WHAT THE TASK ASKS: Return the following from the records below: each line, word for word, starting with the line that contains "this 474×632 image." and going on through the line that contains "this 640×480 image.", with nothing outside that range.

AVAILABLE DATA:

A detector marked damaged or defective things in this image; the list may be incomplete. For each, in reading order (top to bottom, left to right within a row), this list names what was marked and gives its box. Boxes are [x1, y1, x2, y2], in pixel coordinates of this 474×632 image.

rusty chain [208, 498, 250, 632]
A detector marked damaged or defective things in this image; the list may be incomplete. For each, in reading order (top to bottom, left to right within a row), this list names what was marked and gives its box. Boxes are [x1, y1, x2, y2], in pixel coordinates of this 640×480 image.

--

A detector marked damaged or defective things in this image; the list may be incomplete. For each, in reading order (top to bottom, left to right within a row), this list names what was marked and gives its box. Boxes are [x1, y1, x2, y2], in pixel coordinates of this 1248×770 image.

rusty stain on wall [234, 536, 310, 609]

...

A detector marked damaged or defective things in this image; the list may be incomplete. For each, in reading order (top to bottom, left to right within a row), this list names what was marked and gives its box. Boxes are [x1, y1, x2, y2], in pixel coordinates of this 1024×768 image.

EXERCISE RESPONSE:
A detector marked damaged or defective things in this image; the list may be incomplete. For each, in reading order (top to bottom, left to right within a row), this list names what was marked and gives its box. Boxes are [x1, y1, x2, y2], in pixel coordinates of this 474×632 image.

rusty chain [208, 498, 250, 632]
A detector marked damaged or defective things in this image; the list may be incomplete. For each, in reading order (top to bottom, left to right within a row), this list names what was marked and gives its box. Boxes are [x1, y1, x2, y2], in pixel coordinates of this 640×480 image.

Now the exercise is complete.